Egençig || Fotoğraf: Erkin Ön


EGENÇİG (KULAKÇIK)

Malzemeler
Hamuru için:
4 su bardağı un
1 adet yumurta
1 çay kaşığı karbonat
1 yemek kaşığı sirke
1 yemek kaşığı zeytinyağı

İç harcı için:
250 gr az yağlı tek çekilmiş kıyma
1 orta boy soğan
1 çay kaşığı pul biber
½ çay kaşığı karabiber
½ çay kaşığı yenibahar
1 yemek kaşığı sadeyağ

Yoğurtlu sos için:
½ kg yoğurt
1 yemek kaşığı sadeyağ
1 tatlı kaşığı un
1 adet yumurta
1 tatlı kaşığı nane

Salçalı sos için:
2 yemek kaşığı sadeyağ (1 kaşık salçalı sos, 1 kaşık kızgın naneli yağ için)
1 yemek kaşığı domates salçası
1 tatlı kaşığı un
1 tatlı kaşığı nane
1 çay kaşığı pul biber
5-6 diş sarımsak

Yapılışı
Un, yumurta, tuz, zeytinyağı, karbonat, sirke ve yaklaşık 1 bardak suyla, hafif sert kıvamda bir hamur yoğurun. Yoğurduğunuz hamuru, üzerine nemli bir bez örterek dinlenmeye bırakın.

Soğanı incecik kıyın.
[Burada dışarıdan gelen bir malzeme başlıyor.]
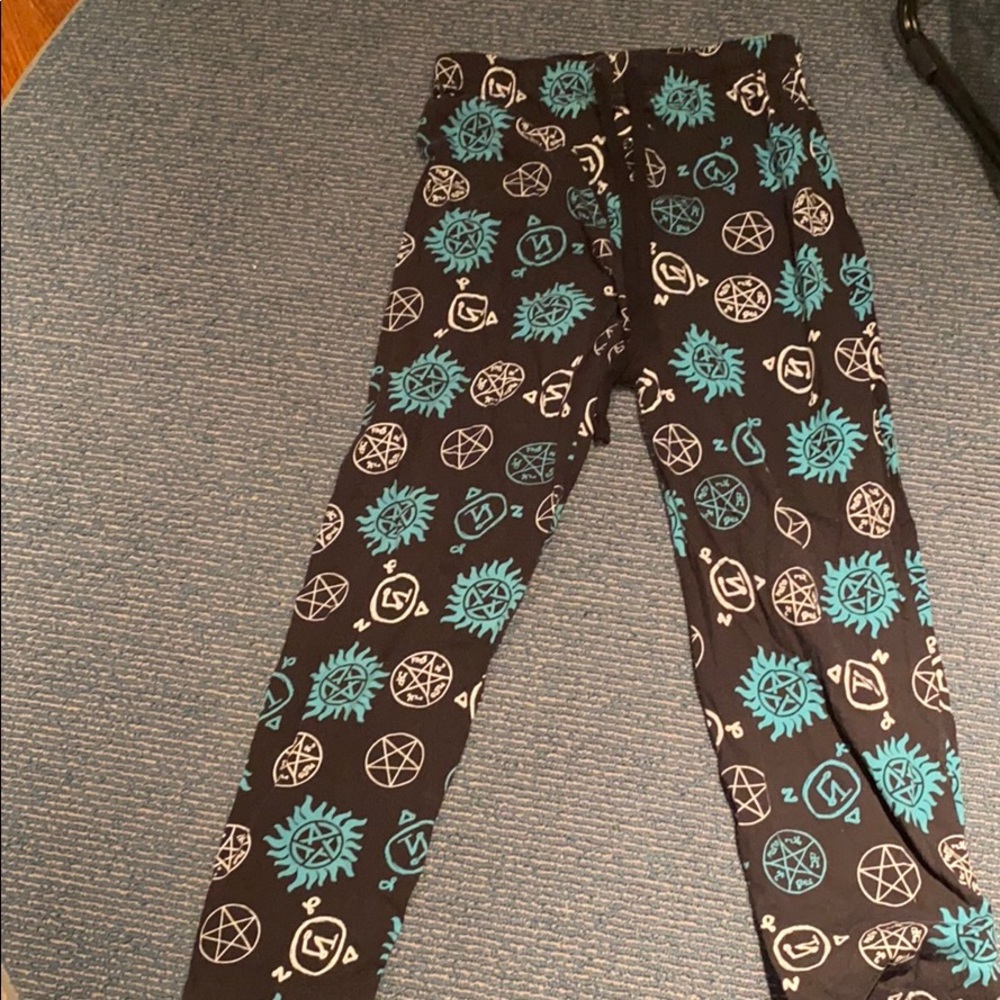 Supernatural Pajama Pants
Kıymayı kavurmak için uygun bir tavayı ateşe oturtup yağı eritin. Soğanı kızgın yağda kavurduktan sonra kıymayı ilave ederek kavurmaya devam edin. Kıyma kavrulunca baharatları katın, karıştırın ve harcı soğumaya bırakın.

Yoğurduğunuz hamuru bezelere ayırın. Her bezeyi oklavayla açın. Açtığınız yufkaları kahve fincanı ağzıyla yuvarlak daireler şeklinde kesin. Kestiğiniz dairelerin ortasına kıyma doldurun ve hamuru yarım daire olacak şekilde kapatıp uçlarını birbirinin üstüne gelecek şekilde birleştirin (kulakçık şeklinde).

Hazırladığınız kulakçıkları 170 derece ısıttığınız fırında (eskiden yağlanan tepsi içinde kömür ateşi üzerinde çevire çevire pişirilirdi) yaklaşık 15 dakika, kulakçıklar renk alana kadar pişirin. Bu kulakçıkları fırınlamadan direkt hamur hâlinde de pişirebilirsiniz.

Yoğurtlu Sos:
Yoğurdu un ve yumurta ilave ederek güzelce çırpın. Ardından varsa et suyu, yoksa soğuk su ilave ederek bir ayran hazırlayın. Tencereyi ateşe oturtun ve kaynayana kadar sürekli karıştırın. Ardından kulakçıkları ilave edin. Tuzunu kontrol ederek birkaç taşım kaynatın. Yoğurtlu egençig yemeğinin üzerinde yaktığınız naneyi gezdirin, sıcak sıcak servis edin.

Salçalı Sos:
Yağı eritin; yağ cızırdamaya başlayınca unu ilave edip kavurun. Un kavrulunca salçayı, pul biberi katın, karıştırın. Varsa et suyu, yoksa sıcak su ilave ederek karıştırın. Unun pütürlü kalmamasına dikkat edin. Ardından kulakçıkları ilave ederek tadını, tuzunu kontrol edin ve birkaç taşım kaynatın. Sarımsakları bir çimdik tuzla dövün ve arzu ettiğiniz miktarda ekleyin.

Sadeyağı kızdırın ve naneyi ilave ederek ocaktan alın. Salçalı egençig yemeğinin üzerinde yaktığınız naneyi gezdirin, sıcak sıcak servis edin.

Şefin Tavsiyesi
Bardakla kestiğiniz yuvarlakların dışında kalan hamur parçacıklarını 1 çimdik yağda kavurarak kıtır hâle getirin ve yemeğin üstüne serpin.